DIRECTIONS -> Transcribe the stretch of entries below from the line with "Alan Christensen Cfa" through the line with "px-FortuneStBowserpng", exactly and with both ends included; leave out all other lines.
───── WORKING DATA
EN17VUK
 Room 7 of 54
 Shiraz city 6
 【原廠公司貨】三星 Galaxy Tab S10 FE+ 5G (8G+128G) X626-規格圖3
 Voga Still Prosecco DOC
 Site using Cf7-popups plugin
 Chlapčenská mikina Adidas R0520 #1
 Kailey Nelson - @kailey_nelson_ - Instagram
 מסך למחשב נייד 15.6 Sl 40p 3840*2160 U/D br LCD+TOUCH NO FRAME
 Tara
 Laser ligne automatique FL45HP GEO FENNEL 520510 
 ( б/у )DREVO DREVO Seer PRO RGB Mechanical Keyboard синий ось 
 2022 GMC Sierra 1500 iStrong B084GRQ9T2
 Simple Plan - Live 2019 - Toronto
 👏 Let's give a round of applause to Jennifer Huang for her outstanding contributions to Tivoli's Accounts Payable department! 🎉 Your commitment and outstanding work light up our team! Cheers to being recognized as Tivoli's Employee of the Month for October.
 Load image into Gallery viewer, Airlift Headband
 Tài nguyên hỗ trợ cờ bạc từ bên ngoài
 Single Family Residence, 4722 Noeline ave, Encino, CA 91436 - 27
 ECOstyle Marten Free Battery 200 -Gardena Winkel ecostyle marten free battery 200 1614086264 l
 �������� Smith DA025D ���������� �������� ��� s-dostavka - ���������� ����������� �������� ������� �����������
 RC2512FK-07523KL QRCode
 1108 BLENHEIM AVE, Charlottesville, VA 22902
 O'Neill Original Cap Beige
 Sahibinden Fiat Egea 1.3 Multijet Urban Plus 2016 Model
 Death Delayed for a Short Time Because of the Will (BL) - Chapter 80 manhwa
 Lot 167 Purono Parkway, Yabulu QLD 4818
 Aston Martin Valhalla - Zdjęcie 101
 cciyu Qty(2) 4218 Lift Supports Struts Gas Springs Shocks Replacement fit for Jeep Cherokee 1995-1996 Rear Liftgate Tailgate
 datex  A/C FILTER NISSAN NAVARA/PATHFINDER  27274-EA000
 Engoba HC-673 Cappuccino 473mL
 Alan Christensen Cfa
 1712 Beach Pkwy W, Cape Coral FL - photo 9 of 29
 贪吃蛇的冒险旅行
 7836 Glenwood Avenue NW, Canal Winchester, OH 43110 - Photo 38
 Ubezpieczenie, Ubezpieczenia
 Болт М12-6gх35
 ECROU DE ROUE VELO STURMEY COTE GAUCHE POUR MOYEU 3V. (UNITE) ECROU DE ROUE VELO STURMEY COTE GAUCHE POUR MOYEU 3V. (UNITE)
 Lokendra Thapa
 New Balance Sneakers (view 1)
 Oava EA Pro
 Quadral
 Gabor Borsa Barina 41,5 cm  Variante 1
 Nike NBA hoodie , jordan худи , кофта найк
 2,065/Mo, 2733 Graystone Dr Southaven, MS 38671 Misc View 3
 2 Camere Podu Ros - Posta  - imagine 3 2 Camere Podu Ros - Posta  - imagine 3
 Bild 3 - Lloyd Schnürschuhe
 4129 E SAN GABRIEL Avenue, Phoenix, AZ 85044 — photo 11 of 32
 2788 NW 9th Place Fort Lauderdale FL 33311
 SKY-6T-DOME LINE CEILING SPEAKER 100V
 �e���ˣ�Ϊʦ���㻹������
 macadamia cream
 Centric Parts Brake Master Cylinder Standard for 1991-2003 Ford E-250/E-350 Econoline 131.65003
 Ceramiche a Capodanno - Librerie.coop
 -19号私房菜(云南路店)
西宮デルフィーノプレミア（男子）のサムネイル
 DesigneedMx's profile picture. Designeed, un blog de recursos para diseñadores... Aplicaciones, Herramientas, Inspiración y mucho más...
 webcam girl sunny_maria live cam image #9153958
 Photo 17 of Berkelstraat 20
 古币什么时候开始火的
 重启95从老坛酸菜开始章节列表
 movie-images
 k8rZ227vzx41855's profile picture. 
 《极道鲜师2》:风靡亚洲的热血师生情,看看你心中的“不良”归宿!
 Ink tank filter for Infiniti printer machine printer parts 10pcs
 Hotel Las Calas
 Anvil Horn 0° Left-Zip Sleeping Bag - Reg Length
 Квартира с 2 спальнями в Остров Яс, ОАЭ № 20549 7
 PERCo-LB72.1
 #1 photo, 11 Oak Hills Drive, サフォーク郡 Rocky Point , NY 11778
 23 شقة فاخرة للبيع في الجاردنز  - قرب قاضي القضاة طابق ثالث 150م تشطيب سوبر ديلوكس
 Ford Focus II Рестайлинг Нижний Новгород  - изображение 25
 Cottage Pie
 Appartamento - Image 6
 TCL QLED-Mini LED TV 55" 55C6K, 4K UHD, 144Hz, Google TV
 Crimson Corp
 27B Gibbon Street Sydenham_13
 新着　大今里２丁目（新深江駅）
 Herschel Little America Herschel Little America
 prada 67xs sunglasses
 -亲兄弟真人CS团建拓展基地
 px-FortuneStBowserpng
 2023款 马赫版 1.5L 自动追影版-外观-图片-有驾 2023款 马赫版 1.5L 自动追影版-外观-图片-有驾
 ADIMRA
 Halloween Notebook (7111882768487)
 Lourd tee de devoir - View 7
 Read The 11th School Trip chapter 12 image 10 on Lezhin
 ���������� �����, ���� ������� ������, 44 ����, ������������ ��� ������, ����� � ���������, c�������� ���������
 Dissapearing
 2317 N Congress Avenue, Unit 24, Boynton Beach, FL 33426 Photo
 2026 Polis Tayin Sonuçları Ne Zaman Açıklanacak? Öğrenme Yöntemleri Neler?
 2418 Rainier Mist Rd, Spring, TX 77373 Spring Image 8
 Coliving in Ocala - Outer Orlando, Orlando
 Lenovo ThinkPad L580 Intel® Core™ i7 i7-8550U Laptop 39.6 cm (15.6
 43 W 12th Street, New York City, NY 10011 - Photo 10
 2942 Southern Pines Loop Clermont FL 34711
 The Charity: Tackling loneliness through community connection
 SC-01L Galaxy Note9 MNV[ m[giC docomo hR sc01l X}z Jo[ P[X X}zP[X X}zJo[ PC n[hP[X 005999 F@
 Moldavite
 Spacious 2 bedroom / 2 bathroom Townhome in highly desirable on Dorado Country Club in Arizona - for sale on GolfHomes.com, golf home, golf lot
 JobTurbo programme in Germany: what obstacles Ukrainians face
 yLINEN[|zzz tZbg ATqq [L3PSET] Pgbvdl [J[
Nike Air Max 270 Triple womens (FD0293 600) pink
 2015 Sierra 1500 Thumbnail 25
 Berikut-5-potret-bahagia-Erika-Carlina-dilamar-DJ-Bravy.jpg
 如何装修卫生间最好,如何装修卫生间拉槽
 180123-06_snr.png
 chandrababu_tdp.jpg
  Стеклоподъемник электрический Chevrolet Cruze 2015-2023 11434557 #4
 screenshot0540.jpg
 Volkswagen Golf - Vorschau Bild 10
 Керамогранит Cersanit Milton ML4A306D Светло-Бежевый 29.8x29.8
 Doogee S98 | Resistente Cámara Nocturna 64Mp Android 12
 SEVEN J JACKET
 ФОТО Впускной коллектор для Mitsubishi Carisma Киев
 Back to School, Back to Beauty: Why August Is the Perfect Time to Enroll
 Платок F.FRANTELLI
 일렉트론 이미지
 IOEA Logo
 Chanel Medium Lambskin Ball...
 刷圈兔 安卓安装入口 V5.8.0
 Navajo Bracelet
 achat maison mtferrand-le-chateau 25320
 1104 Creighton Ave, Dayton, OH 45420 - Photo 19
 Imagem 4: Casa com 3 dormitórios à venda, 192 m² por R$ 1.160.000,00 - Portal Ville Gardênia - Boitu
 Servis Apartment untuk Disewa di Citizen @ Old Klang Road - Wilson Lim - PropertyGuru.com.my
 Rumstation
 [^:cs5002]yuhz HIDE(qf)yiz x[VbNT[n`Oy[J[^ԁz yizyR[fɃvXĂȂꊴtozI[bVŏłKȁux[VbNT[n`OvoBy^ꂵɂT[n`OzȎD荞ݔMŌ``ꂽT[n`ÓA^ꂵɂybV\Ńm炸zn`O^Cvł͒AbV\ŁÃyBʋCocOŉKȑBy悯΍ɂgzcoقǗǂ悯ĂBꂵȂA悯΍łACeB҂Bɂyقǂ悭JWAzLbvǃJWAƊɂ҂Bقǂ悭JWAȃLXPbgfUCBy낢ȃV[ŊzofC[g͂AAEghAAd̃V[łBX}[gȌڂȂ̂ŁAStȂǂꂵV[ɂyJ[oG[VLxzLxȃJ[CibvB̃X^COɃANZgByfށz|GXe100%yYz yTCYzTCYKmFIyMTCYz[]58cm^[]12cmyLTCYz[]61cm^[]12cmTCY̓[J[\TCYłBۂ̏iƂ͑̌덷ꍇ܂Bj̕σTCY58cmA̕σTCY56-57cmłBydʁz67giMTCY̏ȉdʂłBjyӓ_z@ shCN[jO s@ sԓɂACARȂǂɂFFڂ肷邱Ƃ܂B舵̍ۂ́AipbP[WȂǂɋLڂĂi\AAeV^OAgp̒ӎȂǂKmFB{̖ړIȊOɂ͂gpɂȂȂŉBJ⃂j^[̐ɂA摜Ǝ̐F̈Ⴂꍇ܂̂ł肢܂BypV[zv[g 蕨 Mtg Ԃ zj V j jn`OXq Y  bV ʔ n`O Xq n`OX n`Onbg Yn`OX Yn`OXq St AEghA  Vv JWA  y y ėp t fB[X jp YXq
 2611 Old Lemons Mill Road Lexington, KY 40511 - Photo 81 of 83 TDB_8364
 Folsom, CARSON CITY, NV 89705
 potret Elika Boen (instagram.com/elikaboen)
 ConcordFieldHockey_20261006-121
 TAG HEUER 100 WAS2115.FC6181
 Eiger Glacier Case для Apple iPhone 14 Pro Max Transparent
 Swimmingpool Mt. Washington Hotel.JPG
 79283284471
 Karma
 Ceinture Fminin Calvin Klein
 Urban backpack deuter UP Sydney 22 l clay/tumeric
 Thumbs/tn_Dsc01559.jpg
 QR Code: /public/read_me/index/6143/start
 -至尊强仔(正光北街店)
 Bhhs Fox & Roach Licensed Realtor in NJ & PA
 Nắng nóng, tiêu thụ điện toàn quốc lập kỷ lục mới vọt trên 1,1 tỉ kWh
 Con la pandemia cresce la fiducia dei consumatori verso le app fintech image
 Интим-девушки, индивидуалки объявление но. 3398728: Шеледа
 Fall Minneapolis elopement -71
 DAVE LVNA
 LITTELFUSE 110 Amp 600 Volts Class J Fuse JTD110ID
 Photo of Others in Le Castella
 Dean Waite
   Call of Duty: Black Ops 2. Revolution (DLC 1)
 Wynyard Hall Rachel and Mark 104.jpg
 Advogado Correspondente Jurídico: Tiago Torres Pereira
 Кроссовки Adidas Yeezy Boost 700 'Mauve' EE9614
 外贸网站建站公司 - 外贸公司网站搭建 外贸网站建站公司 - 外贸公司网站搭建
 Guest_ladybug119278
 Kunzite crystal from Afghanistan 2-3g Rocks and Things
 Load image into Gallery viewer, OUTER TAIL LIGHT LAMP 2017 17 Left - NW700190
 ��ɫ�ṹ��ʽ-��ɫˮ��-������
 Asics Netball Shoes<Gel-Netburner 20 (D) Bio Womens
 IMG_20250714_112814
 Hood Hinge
──────────
EXERCISE SOLUTION ->
 Alan Christensen Cfa
 1712 Beach Pkwy W, Cape Coral FL - photo 9 of 29
 贪吃蛇的冒险旅行
 7836 Glenwood Avenue NW, Canal Winchester, OH 43110 - Photo 38
 Ubezpieczenie, Ubezpieczenia
 Болт М12-6gх35
 ECROU DE ROUE VELO STURMEY COTE GAUCHE POUR MOYEU 3V. (UNITE) ECROU DE ROUE VELO STURMEY COTE GAUCHE POUR MOYEU 3V. (UNITE)
 Lokendra Thapa
 New Balance Sneakers (view 1)
 Oava EA Pro
 Quadral
 Gabor Borsa Barina 41,5 cm  Variante 1
 Nike NBA hoodie , jordan худи , кофта найк
 2,065/Mo, 2733 Graystone Dr Southaven, MS 38671 Misc View 3
 2 Camere Podu Ros - Posta  - imagine 3 2 Camere Podu Ros - Posta  - imagine 3
 Bild 3 - Lloyd Schnürschuhe
 4129 E SAN GABRIEL Avenue, Phoenix, AZ 85044 — photo 11 of 32
 2788 NW 9th Place Fort Lauderdale FL 33311
 SKY-6T-DOME LINE CEILING SPEAKER 100V
 �e���ˣ�Ϊʦ���㻹������
 macadamia cream
 Centric Parts Brake Master Cylinder Standard for 1991-2003 Ford E-250/E-350 Econoline 131.65003
 Ceramiche a Capodanno - Librerie.coop
 -19号私房菜(云南路店)
西宮デルフィーノプレミア（男子）のサムネイル
 DesigneedMx's profile picture. Designeed, un blog de recursos para diseñadores... Aplicaciones, Herramientas, Inspiración y mucho más...
 webcam girl sunny_maria live cam image #9153958
 Photo 17 of Berkelstraat 20
 古币什么时候开始火的
 重启95从老坛酸菜开始章节列表
 movie-images
 k8rZ227vzx41855's profile picture. 
 《极道鲜师2》:风靡亚洲的热血师生情,看看你心中的“不良”归宿!
 Ink tank filter for Infiniti printer machine printer parts 10pcs
 Hotel Las Calas
 Anvil Horn 0° Left-Zip Sleeping Bag - Reg Length
 Квартира с 2 спальнями в Остров Яс, ОАЭ № 20549 7
 PERCo-LB72.1
 #1 photo, 11 Oak Hills Drive, サフォーク郡 Rocky Point , NY 11778
 23 شقة فاخرة للبيع في الجاردنز  - قرب قاضي القضاة طابق ثالث 150م تشطيب سوبر ديلوكس
 Ford Focus II Рестайлинг Нижний Новгород  - изображение 25
 Cottage Pie
 Appartamento - Image 6
 TCL QLED-Mini LED TV 55" 55C6K, 4K UHD, 144Hz, Google TV
 Crimson Corp
 27B Gibbon Street Sydenham_13
 新着　大今里２丁目（新深江駅）
 Herschel Little America Herschel Little America
 prada 67xs sunglasses
 -亲兄弟真人CS团建拓展基地
 px-FortuneStBowserpng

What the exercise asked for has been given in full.